- [Data for processing]
----
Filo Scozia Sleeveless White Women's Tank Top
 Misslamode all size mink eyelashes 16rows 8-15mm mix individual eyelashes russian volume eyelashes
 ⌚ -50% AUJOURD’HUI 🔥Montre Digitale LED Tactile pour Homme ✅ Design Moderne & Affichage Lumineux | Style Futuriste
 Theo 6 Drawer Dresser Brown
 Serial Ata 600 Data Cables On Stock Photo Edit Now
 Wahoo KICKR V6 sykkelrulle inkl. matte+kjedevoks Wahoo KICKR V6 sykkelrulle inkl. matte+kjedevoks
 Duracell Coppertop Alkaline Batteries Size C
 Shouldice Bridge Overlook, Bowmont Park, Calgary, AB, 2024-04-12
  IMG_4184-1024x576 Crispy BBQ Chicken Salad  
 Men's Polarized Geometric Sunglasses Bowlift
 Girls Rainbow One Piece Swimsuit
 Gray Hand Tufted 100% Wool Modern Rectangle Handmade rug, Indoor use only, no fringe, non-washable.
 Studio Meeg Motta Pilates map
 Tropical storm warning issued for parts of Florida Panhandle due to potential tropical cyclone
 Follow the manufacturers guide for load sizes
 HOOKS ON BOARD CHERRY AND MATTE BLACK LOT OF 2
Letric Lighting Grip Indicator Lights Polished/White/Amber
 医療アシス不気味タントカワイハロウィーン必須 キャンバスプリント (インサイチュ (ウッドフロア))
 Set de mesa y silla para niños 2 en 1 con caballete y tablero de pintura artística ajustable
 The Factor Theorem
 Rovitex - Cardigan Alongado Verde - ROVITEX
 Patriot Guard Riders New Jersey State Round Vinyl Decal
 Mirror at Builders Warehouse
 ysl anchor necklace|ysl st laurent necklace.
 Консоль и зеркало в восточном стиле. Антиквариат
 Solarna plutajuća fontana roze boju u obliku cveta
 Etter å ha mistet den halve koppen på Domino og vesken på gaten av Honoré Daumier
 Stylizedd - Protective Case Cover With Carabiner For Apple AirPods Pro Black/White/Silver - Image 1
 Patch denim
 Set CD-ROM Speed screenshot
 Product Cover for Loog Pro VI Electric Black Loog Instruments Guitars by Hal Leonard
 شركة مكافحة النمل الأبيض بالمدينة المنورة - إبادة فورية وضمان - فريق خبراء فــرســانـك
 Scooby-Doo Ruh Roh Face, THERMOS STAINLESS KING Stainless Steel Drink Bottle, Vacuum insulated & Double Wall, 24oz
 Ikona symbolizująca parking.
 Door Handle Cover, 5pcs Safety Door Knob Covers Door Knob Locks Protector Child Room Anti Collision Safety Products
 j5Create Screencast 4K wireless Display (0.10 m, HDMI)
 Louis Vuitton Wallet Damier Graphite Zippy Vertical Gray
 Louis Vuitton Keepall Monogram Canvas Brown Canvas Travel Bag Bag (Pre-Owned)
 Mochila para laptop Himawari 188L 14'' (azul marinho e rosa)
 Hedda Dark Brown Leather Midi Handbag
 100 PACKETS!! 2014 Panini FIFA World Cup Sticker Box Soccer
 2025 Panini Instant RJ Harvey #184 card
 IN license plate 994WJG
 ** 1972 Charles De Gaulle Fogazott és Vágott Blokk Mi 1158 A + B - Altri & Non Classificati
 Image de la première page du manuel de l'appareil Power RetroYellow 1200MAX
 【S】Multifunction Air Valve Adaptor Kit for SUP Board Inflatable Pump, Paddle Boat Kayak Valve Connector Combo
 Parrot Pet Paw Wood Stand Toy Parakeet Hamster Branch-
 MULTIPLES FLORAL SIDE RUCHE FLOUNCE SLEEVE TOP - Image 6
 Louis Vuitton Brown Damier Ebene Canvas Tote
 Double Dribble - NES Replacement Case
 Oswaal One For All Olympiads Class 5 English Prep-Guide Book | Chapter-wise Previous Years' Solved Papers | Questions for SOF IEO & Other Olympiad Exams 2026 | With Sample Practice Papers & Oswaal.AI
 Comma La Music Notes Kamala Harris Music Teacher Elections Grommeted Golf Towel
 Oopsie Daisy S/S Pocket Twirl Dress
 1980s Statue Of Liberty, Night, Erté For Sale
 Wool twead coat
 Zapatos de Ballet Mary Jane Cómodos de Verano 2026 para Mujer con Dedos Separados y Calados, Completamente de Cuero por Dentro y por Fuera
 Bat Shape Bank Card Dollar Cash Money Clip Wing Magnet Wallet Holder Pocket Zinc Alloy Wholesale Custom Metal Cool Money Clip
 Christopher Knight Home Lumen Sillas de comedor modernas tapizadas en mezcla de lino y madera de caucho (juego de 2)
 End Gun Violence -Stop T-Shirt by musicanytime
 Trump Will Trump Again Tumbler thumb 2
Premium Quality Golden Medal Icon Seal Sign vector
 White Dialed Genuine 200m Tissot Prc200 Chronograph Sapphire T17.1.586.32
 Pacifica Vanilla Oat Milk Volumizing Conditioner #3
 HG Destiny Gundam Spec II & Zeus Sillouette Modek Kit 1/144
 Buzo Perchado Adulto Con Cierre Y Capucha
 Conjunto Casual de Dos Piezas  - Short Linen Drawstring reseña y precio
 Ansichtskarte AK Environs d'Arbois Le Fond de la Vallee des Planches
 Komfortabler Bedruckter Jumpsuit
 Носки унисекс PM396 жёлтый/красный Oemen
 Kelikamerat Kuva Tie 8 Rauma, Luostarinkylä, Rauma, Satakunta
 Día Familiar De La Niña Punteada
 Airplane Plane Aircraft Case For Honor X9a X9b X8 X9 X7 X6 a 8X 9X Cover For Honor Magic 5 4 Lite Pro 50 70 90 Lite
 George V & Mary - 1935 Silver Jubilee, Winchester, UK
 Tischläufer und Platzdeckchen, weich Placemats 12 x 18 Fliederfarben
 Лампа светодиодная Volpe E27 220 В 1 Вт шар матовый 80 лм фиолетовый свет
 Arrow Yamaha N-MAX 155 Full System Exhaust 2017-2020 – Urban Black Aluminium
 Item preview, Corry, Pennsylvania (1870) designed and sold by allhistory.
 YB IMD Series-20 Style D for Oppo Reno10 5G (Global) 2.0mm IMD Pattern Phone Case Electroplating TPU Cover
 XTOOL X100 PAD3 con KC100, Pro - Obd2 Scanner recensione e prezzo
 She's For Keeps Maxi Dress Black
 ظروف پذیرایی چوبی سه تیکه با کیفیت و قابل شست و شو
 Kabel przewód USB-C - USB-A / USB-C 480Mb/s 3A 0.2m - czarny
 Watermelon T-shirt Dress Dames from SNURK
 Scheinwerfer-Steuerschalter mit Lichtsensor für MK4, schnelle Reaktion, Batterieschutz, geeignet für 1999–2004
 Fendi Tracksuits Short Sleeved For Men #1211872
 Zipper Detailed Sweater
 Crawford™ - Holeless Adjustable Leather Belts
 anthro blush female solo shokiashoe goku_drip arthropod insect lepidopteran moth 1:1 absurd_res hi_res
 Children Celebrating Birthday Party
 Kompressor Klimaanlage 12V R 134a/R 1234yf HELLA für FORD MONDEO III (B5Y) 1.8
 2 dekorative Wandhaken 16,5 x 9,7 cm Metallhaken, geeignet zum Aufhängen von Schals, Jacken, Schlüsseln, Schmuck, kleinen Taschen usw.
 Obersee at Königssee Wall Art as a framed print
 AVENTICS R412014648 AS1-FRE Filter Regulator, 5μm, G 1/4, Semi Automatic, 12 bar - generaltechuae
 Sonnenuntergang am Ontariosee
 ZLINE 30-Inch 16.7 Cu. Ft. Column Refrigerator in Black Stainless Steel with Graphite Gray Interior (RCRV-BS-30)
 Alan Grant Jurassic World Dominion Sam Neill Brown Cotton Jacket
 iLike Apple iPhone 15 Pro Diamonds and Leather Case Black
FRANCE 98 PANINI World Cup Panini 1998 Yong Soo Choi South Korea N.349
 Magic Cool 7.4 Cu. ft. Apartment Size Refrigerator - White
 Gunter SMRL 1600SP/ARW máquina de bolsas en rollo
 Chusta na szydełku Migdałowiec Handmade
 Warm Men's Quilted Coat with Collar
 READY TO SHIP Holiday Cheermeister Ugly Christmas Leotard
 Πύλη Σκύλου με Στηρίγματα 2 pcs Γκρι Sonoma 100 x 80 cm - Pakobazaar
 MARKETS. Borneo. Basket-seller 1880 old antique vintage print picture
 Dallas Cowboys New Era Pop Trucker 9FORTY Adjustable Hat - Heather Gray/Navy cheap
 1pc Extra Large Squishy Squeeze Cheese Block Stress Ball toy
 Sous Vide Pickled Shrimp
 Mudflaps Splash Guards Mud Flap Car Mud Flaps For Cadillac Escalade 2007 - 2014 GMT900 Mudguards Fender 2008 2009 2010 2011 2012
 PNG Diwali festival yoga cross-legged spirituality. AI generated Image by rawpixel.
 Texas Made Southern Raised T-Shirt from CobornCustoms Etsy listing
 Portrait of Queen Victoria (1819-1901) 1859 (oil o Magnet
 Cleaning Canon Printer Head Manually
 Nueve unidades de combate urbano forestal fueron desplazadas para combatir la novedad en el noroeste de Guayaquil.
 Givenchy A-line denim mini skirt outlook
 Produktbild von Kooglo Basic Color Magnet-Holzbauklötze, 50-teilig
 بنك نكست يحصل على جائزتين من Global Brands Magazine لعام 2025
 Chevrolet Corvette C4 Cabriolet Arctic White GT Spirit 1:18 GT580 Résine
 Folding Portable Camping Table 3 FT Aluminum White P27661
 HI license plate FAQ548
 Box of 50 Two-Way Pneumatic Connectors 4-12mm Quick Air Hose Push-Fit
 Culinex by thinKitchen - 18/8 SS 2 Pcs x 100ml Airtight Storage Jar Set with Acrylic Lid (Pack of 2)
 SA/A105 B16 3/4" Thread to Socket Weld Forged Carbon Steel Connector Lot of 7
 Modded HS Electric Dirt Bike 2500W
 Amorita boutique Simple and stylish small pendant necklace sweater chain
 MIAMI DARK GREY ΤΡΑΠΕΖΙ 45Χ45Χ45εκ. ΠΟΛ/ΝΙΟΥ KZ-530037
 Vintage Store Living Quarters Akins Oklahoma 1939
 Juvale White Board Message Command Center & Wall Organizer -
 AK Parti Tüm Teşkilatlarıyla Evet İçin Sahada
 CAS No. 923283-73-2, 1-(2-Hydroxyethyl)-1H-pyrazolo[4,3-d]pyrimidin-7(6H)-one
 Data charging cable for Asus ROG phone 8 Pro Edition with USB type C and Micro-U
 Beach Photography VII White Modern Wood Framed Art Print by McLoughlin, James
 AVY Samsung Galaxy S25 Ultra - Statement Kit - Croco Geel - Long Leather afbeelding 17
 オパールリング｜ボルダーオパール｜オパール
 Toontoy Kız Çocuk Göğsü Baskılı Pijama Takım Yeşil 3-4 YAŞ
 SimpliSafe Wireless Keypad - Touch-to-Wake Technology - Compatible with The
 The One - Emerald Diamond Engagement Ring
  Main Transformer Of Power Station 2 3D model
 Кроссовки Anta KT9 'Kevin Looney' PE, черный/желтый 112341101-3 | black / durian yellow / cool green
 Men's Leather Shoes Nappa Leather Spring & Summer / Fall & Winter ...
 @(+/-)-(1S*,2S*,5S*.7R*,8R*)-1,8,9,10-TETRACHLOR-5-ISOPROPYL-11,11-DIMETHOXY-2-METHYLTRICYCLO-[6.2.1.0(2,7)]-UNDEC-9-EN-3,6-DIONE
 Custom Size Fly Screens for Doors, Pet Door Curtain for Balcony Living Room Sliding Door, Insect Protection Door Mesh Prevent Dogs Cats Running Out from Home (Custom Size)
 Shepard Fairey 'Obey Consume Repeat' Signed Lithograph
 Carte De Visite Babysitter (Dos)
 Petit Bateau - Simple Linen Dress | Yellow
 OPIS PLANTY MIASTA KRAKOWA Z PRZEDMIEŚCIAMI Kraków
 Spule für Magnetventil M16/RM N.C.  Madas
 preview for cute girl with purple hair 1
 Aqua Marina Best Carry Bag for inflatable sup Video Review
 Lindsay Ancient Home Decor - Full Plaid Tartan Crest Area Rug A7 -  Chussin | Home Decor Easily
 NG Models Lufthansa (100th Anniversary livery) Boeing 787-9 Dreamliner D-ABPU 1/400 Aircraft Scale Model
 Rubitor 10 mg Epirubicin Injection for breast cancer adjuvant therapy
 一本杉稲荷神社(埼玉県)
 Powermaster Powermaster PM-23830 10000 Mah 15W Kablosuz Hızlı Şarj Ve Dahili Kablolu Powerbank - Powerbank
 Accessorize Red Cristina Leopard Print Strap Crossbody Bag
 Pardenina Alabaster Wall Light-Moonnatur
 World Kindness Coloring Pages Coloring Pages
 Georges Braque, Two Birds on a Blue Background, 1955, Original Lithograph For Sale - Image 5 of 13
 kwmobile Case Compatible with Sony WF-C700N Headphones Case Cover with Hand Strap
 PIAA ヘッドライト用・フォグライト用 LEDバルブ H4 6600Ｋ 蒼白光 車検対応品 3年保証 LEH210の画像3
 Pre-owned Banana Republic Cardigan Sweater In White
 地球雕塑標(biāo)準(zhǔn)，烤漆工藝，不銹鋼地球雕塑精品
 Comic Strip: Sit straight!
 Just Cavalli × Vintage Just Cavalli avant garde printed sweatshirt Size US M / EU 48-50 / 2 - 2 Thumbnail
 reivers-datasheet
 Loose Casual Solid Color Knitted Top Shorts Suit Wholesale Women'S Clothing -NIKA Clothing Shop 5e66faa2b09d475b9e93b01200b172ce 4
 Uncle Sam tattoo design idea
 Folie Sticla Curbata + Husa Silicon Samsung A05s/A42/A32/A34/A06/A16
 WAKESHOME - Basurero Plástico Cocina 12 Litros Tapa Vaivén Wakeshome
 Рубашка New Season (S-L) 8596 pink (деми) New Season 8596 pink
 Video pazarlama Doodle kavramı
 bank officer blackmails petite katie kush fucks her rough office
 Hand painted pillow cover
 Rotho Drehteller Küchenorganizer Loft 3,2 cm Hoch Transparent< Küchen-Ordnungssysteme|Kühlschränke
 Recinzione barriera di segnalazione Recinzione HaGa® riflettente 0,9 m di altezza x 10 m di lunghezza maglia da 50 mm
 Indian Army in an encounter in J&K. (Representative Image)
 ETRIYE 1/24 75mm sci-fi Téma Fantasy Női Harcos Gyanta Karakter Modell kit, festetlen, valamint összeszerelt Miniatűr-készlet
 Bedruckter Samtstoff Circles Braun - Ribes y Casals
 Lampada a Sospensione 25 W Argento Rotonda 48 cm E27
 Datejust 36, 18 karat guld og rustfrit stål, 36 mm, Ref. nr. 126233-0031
----
- [Problem to work on] Please report the number of lines in this material holding the word "Room", and add no other words.

- [Answer box] 2